This does not mean that they are ONLY health based foundations! Foundation types are as numerous in types as they are in number. For example, there are many diversity, teaching, and environmentally based foundations. Some are very broad in the types of topics they will consider.
One example is the Ford Foundation offers, which offers both organizational grants and individual fellowships. They look for “fresh thinking and for innovative people and organizations” doing work that will “reduce poverty and injustice”, while “advancing human knowledge, creativity and achievement”. They also provide links to other philanthropic organizations/foundations.
Yahoo has philanthropy directory that is beautifully organized to help you find an organization. Google has its own philanthropic division at Google.org – it might come off as for non-profits only, but you can dig up some other opportunities in there.

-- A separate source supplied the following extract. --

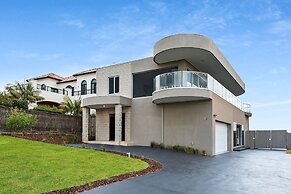 Cliffside Castle With Bay And City Views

The point here is that these organizations often offer rolling grant submission, and have a SHORT turn around time. This allows you to seek funding quickly and get an answer in a few weeks to months vs. 6 months or more. The requirements for these grants are often much simpler than government grants = small page length limits. This will mean you have to be VERY concise in what you say to them = good practice on distilling your research.

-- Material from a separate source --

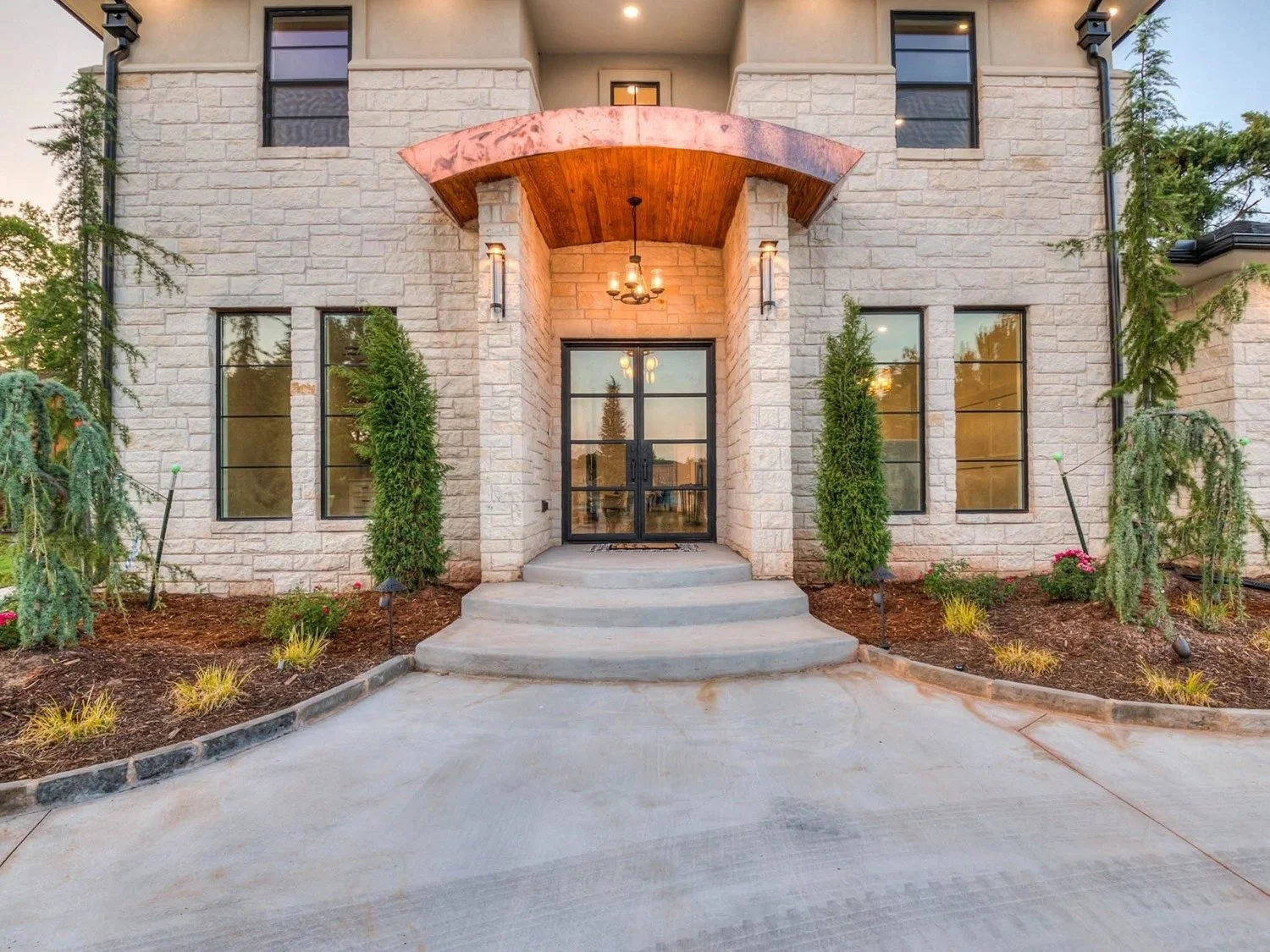 Front view of a modern house entrance with stone facade, glass double doors, curved steps, tall trees, and landscaped flower beds.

Short length also means that they often have a very precise idea of what they want to you to present. Most of these foundation grants will provide you with a layout they want you to follow, and a description of what makes a successful grant in their eyes. Take these to heart.
You might have to think outside the box to get you or your research to fit into the mission of a foundation, but this is always a good creative exercise. It is rare that your research perfectly fits into a granting group’s mission, but the more you see how your research can be beneficial beyond the obvious the better. This is why I think it ridiculous when such a big deal is made about certain projects the government funds, e.g., social insect projects. These projects, taken out of context, might seem like a ‘silly’ thing to fund, but remember they can often lead to discoveries that benefit everyone in phenomenal ways.